Directions.
The records follow. Retype them without a single change.

++++

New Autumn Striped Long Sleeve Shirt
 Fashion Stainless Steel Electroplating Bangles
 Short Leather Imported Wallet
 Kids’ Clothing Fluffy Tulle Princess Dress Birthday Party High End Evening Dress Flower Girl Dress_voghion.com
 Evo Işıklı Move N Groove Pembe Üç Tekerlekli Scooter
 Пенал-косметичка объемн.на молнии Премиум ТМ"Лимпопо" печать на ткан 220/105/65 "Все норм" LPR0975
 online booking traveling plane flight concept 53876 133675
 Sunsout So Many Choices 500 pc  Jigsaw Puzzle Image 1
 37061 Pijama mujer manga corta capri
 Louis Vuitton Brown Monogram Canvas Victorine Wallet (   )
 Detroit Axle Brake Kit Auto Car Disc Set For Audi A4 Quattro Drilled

++++

Output of the exercise.
New Autumn Striped Long Sleeve Shirt
 Fashion Stainless Steel Electroplating Bangles
 Short Leather Imported Wallet
 Kids’ Clothing Fluffy Tulle Princess Dress Birthday Party High End Evening Dress Flower Girl Dress_voghion.com
 Evo Işıklı Move N Groove Pembe Üç Tekerlekli Scooter
 Пенал-косметичка объемн.на молнии Премиум ТМ"Лимпопо" печать на ткан 220/105/65 "Все норм" LPR0975
 online booking traveling plane flight concept 53876 133675
 Sunsout So Many Choices 500 pc  Jigsaw Puzzle Image 1
 37061 Pijama mujer manga corta capri
 Louis Vuitton Brown Monogram Canvas Victorine Wallet (   )
 Detroit Axle Brake Kit Auto Car Disc Set For Audi A4 Quattro Drilled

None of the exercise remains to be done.